A top court in Seychelles on Thursday heard an appeal of a previous judgment ordering Vijay Construction to pay Eastern European Engineering Limited (EEEL) almost $24 million as compensation for breaking the terms of a contract for the construction of the Savoy Hotel.

 
The lawyer for Vijay Construction, Bernard Georges, told the press that he has based his appeal on two principal grounds. “The first one is on the UN Convention that the country acceded to in May. I have put forth that it has not acceded when the case was being heard and this might have influenced the decision of the judge,” Georges said.  
 
Georges said that the other point is that there are certain restrictions in his view “on the enforcement of a judgment coming from another country, which in itself is not the first judgment, but it is enforcing another judgment made in another country.”
 
The case is being heard before Seychelles’ Court of Appeal by Justices Mathilda Twomey, Anthony Fernando, and Oagile Bethuel Key Dingake.

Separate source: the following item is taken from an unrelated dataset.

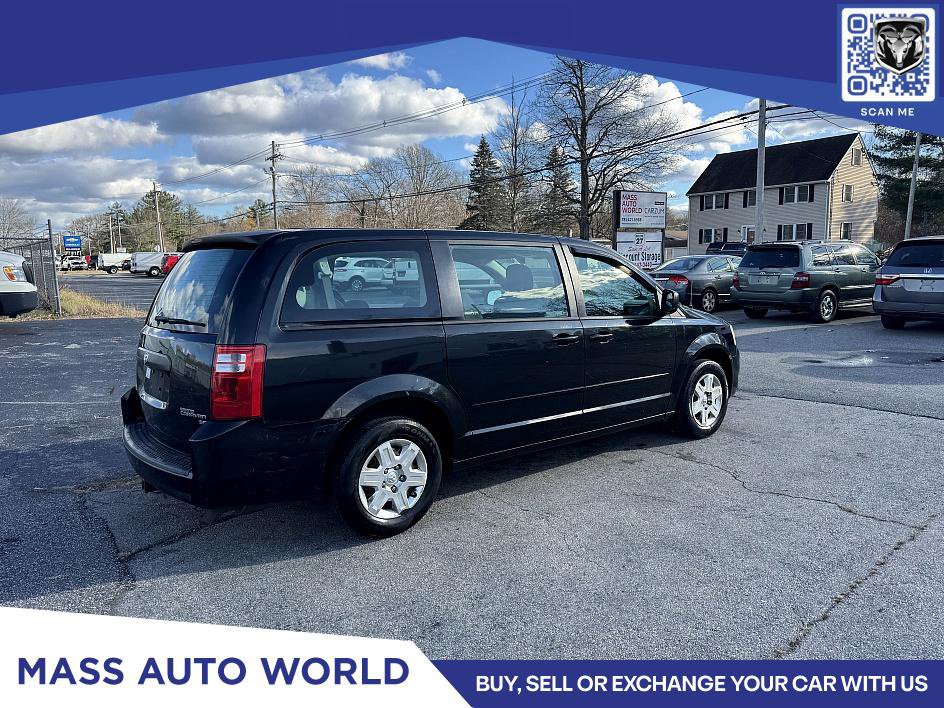 Used 2010 Dodge Grand Caravan SE image 4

The court will deliver the judgment of the case on October 2.
 
In presenting his arguments before the court, Georges also pushed for the matter to be re-ligated before the court in Seychelles whereby an applicable judgment could be passed satisfying both parties.
 
According to the ruling of June 30, by Justice Ellen Carolus, who was presiding over the case at the Seychelles Supreme Court, Vijay Construction was to pay EEEL a little over $17 million in line with a United Kingdom court order from 2015, plus $5 million in interest.
 
The Eastern European Engineering Limited hired Vijay Construction to carry out construction work on the company’s Savoy Hotel in 2011 through six contracts. Each of the six contracts included similar arbitration clauses, which provided that any dispute, disagreement or claim would be settled by arbitration in Paris.
 
A dispute arose and the company filed a Request for Arbitration in September 2012 before the International Chamber of Commerce in Paris and in November 2014, they ruled in favour of Eastern European Engineering Limited, but the costs to be incurred by Vijay Construction for breaking the contract were never paid.
 
This is partly because the award was not enforceable in Seychelles, an archipelago in the western Indian Ocean, which was not a party to the 1958 New York Convention on the Recognition and Enforcement of Foreign Arbitral Awards. The award and its orders are now enforceable since the island nation officially acceded to the Convention earlier this year.
 
The lawyer of the plaintiff, Alexandra Madeleine, maintained before the court that a contract was made in good faith by both parties and the terms in the contract should be adhered to.
 
Founded in Seychelles in 1979 by V.J. Patel, Vijay Construction has built and commissioned several large developments including the Eden Island project – on the east coast of the main island of Mahe.